Beads of sweat form and drip down his forehead but Tapas Mondal’s concentration does not flag for a second as he scrapes a bolt on a lathe machine.
The task Tapas has been assigned demands precision. A moment’s lapse in concentration is an invitation to serious injury.
As he cuts and shapes one hexagonal bolt after another at the lathe workshop in Narendrapur, it is hard to tell that Tapas cannot see.
The 24-year-old, part of a batch of dozen trainees at the Light Engineering Institute of the Ramakrishna Mission Blind Boys’ Academy, trusts his newly acquired skills to not only keep him safe but also give his life a new direction.
More than 300 blind or visually impaired students of the academy have till date been hired by the railways and various public sector and private companies. The vocational training centre, established in 1964, was recently certified by the Centre as an Industrial Training Institute (ITI). “Government recruitment rules have changed over the past decade and the ITI tag is a must-have for workmen jobs. Finding placements for our students was difficult without ITI status and enrolments had been declining as well,” Biswajit Ghosh, the principal of the academy, said.
From carpentry to repair of electrical appliances, the institute offers a range of courses.
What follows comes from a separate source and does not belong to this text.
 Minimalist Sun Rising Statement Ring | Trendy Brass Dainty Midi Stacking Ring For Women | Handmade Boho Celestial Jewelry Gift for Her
Two of these — metal cutting attendant and computer operator-cum-programming assistant —have received ITI certification from the National Council of Vocational Training.
“We have been imparting training to blind people for more than two decades. The primary objective is assimilation of blind people into the mainstream,” said Swami Sarvalokananda, secretary of the Ramakrishna Mission Ashrama, Narendrapur.
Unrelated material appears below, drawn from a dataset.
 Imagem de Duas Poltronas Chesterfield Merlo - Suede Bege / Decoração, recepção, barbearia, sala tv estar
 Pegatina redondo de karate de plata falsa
Tapas, son of a daily-wage labourer with an uncertain income, no longer worries about his future. “My parents would spend sleepless nights thinking how I would get by. After finishing my training, I hope to get a job so that I can take care of them,” he said.
Five metres from Tapas’s lathe station, 30-year-old Sukradhar Santra is busy smoothing a vise — a clamping device used to hold a workpiece securely while operating a machine tool. Sukradhar had been born with 90 per cent blindness and lost his sight completely by the time he was five. “I was afraid to handle machines. People told me that with mistake I could lose a finger. But the instructors here have removed that fear,” said the Bagnan resident.
Trainees undergo multiple tactile training sessions to improve finger dexterity and reaction time before handling power-driven machines. “Blind workers tend to concentrate more on the safety measures because of the nature of their disability. They are, in fact, less prone to accidents,” said Pijush Kanti Sarkar, an instructor at the institute.